Главная миссия нашего музея - через судьбы тысяч людей - участников, свидетелей, жертв - помочь всему мира осознать масштабы катастрофы, ее последствия и не дать повторить наши ошибки. Стать музеем-предупреждением для будущих поколений. Концепция потихоньку обрастала материалами: мы объездили всю Украину, были в Беларуси и в Москве, куда ушли очень многие документы, неоднократно выезжали на Чернобыльскую АЭС, в зону отчуждения.
В обновленной на 80% экспозиции, которую мы открыли на десятую годовщину аварии, в 1996 году (музей тогда получил статус национального), было представлено уже 7 тысяч экспонатов. Такое же число находится в постоянной экспозиции - больше не позволяет площадь, поэтому еще десятки тысяч экспонатов - в хранилищах. Под экспозиционную площадь использовано все: и потолок, и все стены, и пол. Но мы нашли выход - все время поддерживать динамику, экспозиция меняется по мере поступления материалов, создаются тематические выставки - их было открыто более 150.

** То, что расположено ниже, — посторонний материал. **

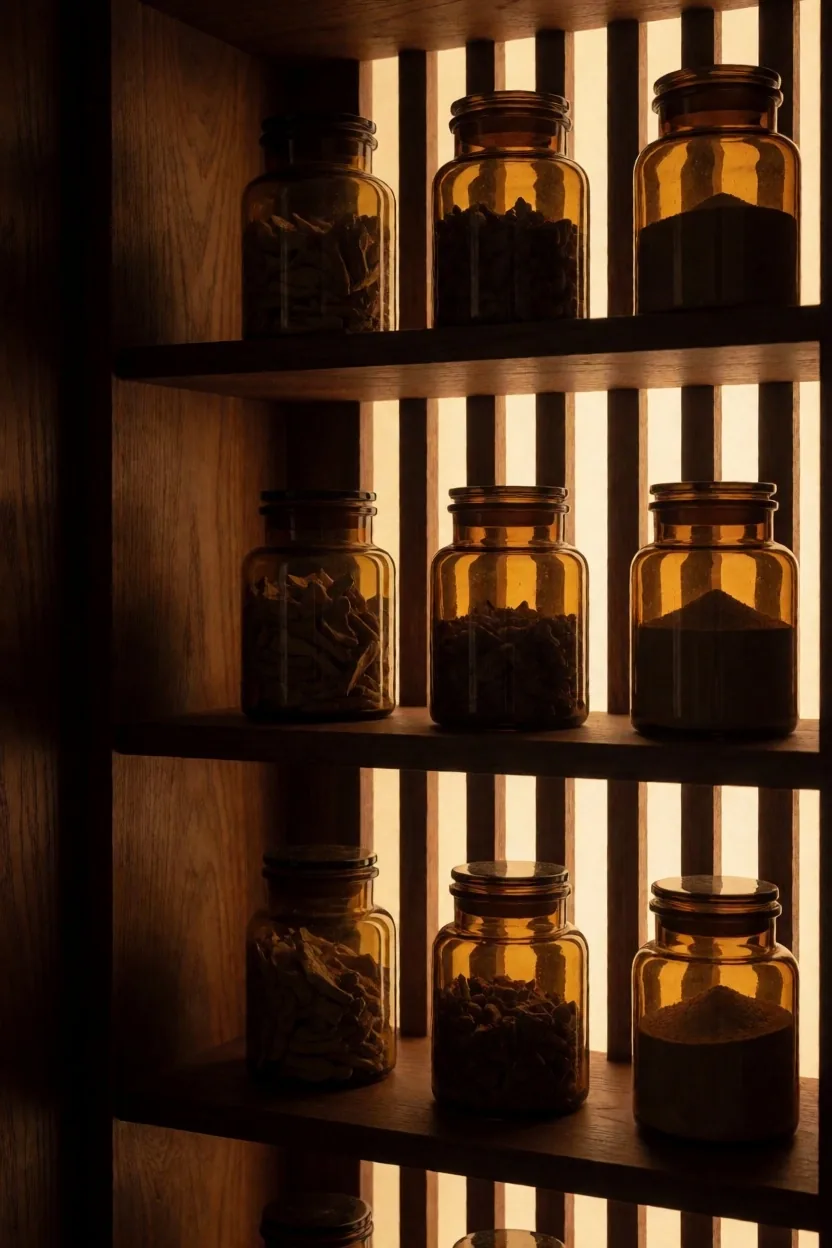 Botanical preparation shelf with amber jars and ground powders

С какими трудностями пришлось столкнуться при организации музея?
Вся информация, связанная с аварией, была засекречена. Не только Министерством среднего машиностроения, которое курировало атомную энергетику в Советском Союзе. И хотя гриф секретности был снят в 1991 году отделы министерств и ведомств, отвечавшие за безопасность, не спешили раскрывать данные. Да и до сих пор есть материалы, доступа к которым для широкой общественности нет, несмотря на то, что гриф снят.
Т.е. возникают трудности с ознакомлением документа?
Нет, документ можно посмотреть, поскольку гриф секретности снят, почитать, использовать цитаты. Но для музея важно иметь оригинал. Во-вторых, копирование документов – платное. Несколько лет назад мы получили официальное приглашение из Государственного архива общественных объединений Украины работать и получить для себя необходимые документы. Но скан каждого документа стоит 40 грн. И скидок для музея никто не делал.
Вы на кого-то ориентировались при создании музея, был образец для подражания?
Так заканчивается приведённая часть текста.